I collect the modifiers in a hash, so that my semantic actions could be
#...
my $data = $fixup_map{$id};
#...
if ( $data->{modifiers_for}{public} ) {
#...
}
Soap Box
The main problem however is that you don't seem to have a plan. For the second "argument" in the angle brakets, you have a regex that specifies only a single alphanumeric character, but want to expand it to allow escaped strings. I have to expect that you are implementing a small subset and gradually want expand it do do other things. If you neglect a good design from the beginning, it's only going to become more and more of a headache to implement the full-featured "parser".
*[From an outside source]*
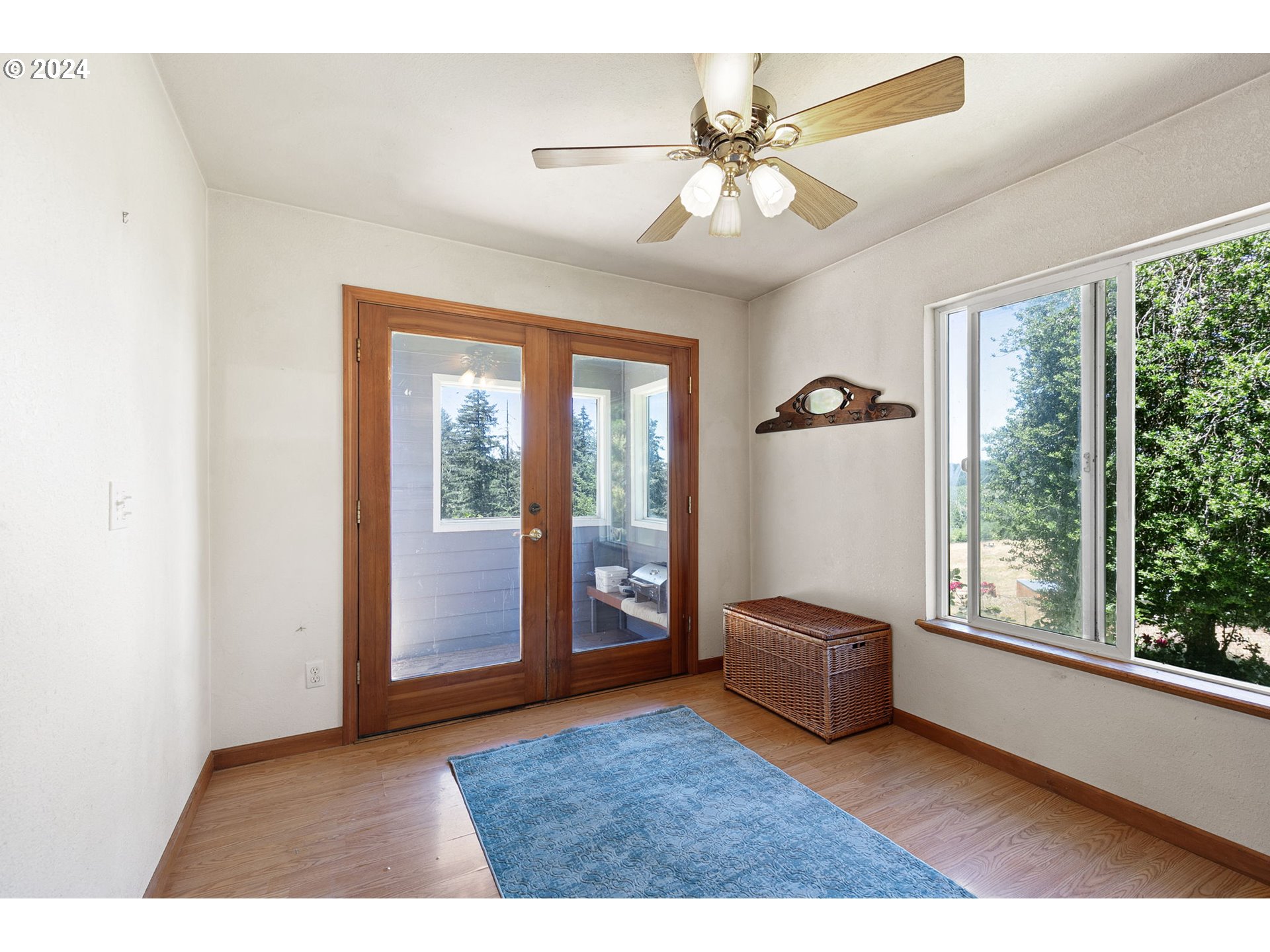 6551 Elkhead Road Yoncalla, OR 97499 - Photo 16 of 39 a living room with furniture and a large window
You may want to implement multi-line values at some point. If you don't understand how to get from a single alphanumeric to a quote-delimited argument, the line-by-line method and the adjustments to the regex dwarf that complexity gap.
So I advise you to use the code here only as a guideline for expanding complexity. I'm answering a question and indicating a direction, not designing or coding a project, so my regex code isn't as expandable as it probably should be.
If the parsing job was complex enough, I would specify a minimal lookahead grammar for Parse::RecDescent
, and stick to coding the semantic actions. That's another recommendation.